いや、生物と呼んでいいのかも分からない、規格外の存在。
かずちゃんが私の服の裾を引き、色が抜け落ち白くなった顔をしながら、ステータスを見せてきた。
―――――――――――――――――――――――――――
名前 アラブルカミ
種族 神霊
レベル500
スキル
《神威・荒》
《神体》
《破壊》
―――――――――――――――――――――――――――
アラブルカミ…
そうか……これこそが、アラブルカミなのね。
インベーダートレント……こいつは、死に際にとんでもないモノを呼び出したようだ。
「アラブルカミ……レベル500……ははっ、夢でも見てるんですかね?」
「残念ながら、現実よ。…夢ならどれほど良かったことか……」
私達を見下ろすその目には、敵意などは存在しない。
あるのはそう―――
『オオオオオオオオオオオオオオオオ!!!!!』
―――抑えようのない、破壊衝動だ。
「《絶氷》!!」
咲島さんが叫ぶ。
その瞬間、物理的に背筋が凍るような寒気に襲われ、周囲が凍てついていく。
アラブルカミもその対象となっており、足から少しずつ凍っていく様子が見えた。
「私が時間を稼ぐ!すぐに撤退しなさい!!」
そう言って、咲島さんはありえない跳躍を見せ、アラブルカミへ攻撃を仕掛けた。
私達は、咲島さんが飛び上がってすぐに走り出し、ここへ来ていた全員がポータルへ飛び込んでいく。
次々とポータルの光へ吸い込まれていくとは言っても、転移するまでの順番待ちが発生し、中々私達は帰れない。
背後では爆発音にも近い轟音が鳴り響き、咲島さんが私達を逃がすために戦っている。
レベルの差は歴然。
卓越した魔力操作技術で、レベル差をある程度埋めることが出来ているのかも知れないが、相手はレベル500だ。
正面から戦って、勝てる相手じゃない。
何度も振り返り、咲島さんの無事を確認していると、ようやく私達の番が回ってきた。
2人でポータルに入り、転移するとそこは仙台ゲートウェイだった。
「……人があんまり居ない?」
「緊急事態だから、他の冒険者は自重してるのよ。
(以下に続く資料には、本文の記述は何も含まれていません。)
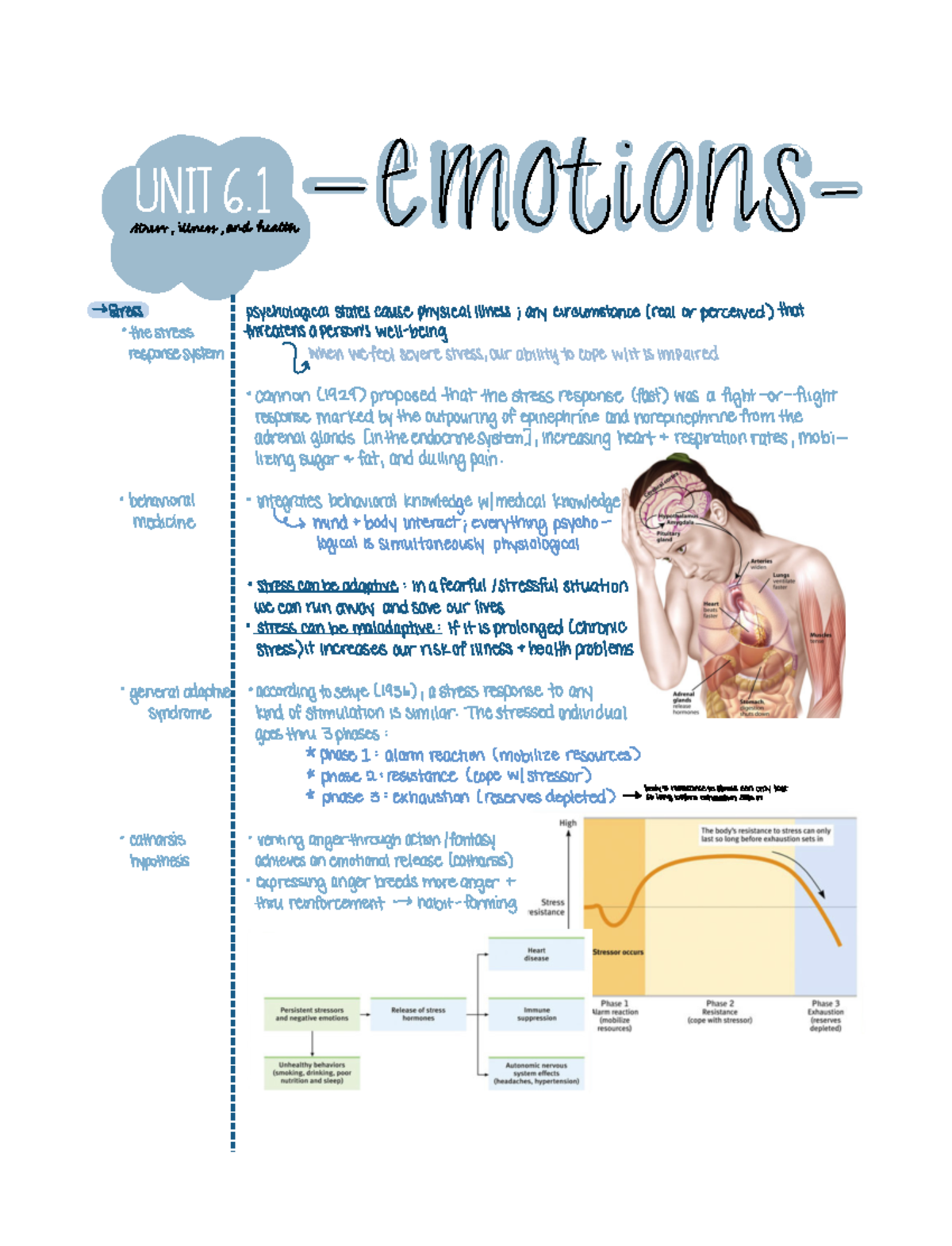 (Notes) Unit 6.1 Emotions - v 6 mmmm EMMOTIONS Stress psychological ...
ほぼ貸し切りね」
ゲートウェイは、もっと沢山の人で溢れかえっているはずなのに、思ったよりもガラガラだった。
そこにいる人たちは、大抵が咲島さんの召集を受けて集まったものばかり。
仙台の人達の連携は素晴らしいね。
「……咲島さん、帰ってきませんね」
「きっと大丈夫よ。なんたって、あの人は最強の――――っ!?」
ダンジョンの入口から、爆発音のような轟音が鳴り響き、衝撃波が飛んでくる。
さっきのような、背筋が凍りつくような、強大な気配は感じないものなの、緊急事態であることは事実。
その場に居た全員が武器を持ち、息を呑んでダンジョンの入口を見つめる。
…そんな状況が、1分、2分、3分と続き、緊張感が頂点に達した頃―――
「―――っ!?お、落ち着いて!もう武器を構える必要はないわ」
ダンジョンの入口である時空の歪みから、咲島さんが出てきた。
多少服がボロボロになっているが、特に怪我をした様子のない咲島さん。
その姿を見て、ようやく緊張が解け、私達は安心することが出来た。